Carol would go inside of her trailer home and then come out a minute later still barefoot.
She approached the driver and said she changed her mind and did not want to do the gig after all.
And then Carol looked again very deliberately at the security camera that was now peering down directly on both of them.
And then Carol turned around and stared at the driver,
suspicion written all over Carol's face.
As the driver looked at the camera,
Carol stepped back and pulled out her cell phone
and showed it to the driver and said,
yeah, I am going to call the police,
and yes, that is a security camera,
and it's watching you.
Without a word, the driver rolled up the window,
pulled back out onto the narrow road,
and drove away. And true to her word, Carol would call the St. Charles
County Police. She told the emergency dispatcher that she just had a very strange encounter
with someone claiming to be a Dateline producer, and Carol just wanted the police to know about
it. Six days later, on the morning of August 16th, the day Pam was attacked, the driver, who had approached Carol, decided to try a different neighborhood further to the south.

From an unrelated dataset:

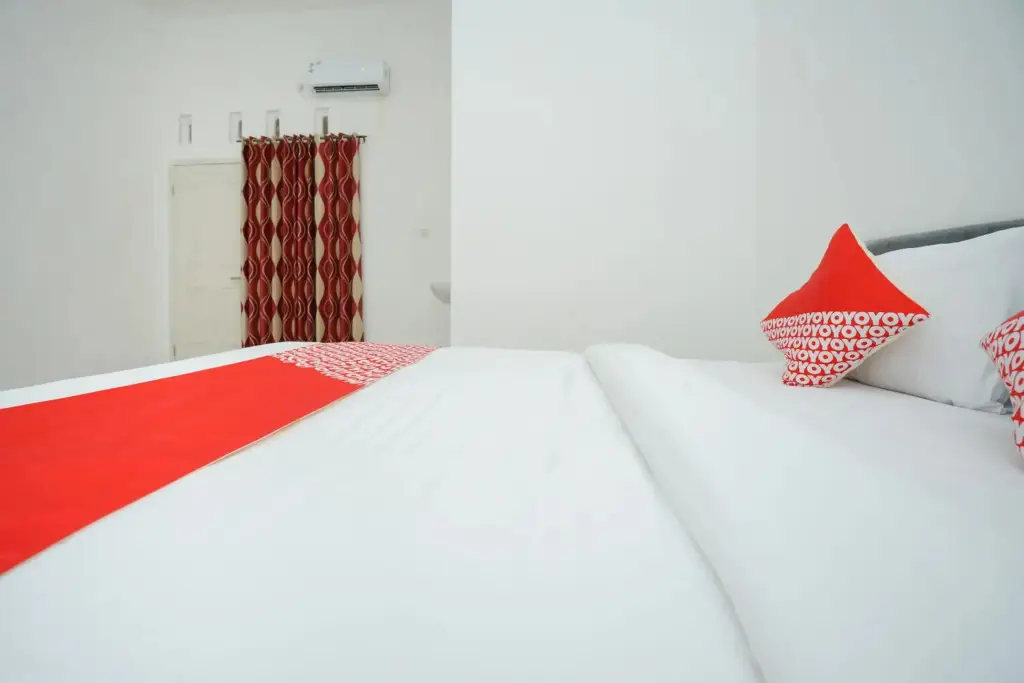 Проболинго: OYO 2489 Choco 88 Residence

Forty minutes later, the driver rolled up to a complex of plain two-story brick buildings separated by strips of lawn and central sidewalks.
Scanning the scattering of chairs along the various entryways to the apartments, the driver spotted a young man sitting in the shade, legs outstretched in front of him, head tilted back as he looked up at the
cloudy sky. In this man's world, a thousand dollars was a lot of money. He had two young children
and not much in the way of income or excitement. So when the driver rolled down the window of their
car and explained that they were a Dateline producer looking for someone to reenact a robbery, kidnapping, and 911 call in exchange for what seemed like a small fortune, the young man did not hesitate.
A minute later, the young man had hopped into the car, and then on the 17-mile drive west to Pam Hupp's house on Little Brave Drive, the driver of the car carefully explained exactly what they
wanted the young man to do. When you get there, tell her to give you the money. Make her drive
you to the bank and get it for you, the driver told Lewis. She's going to try to make a call to
911, and things might get a little physical, but remember, tell her you are there to get the money.
That's the most important part. By the time the car reached Pam Hupp's house,
the driver's actor for the day was excited and ready to play his part in this reenactment.
Little did he know, he was walking into a trap.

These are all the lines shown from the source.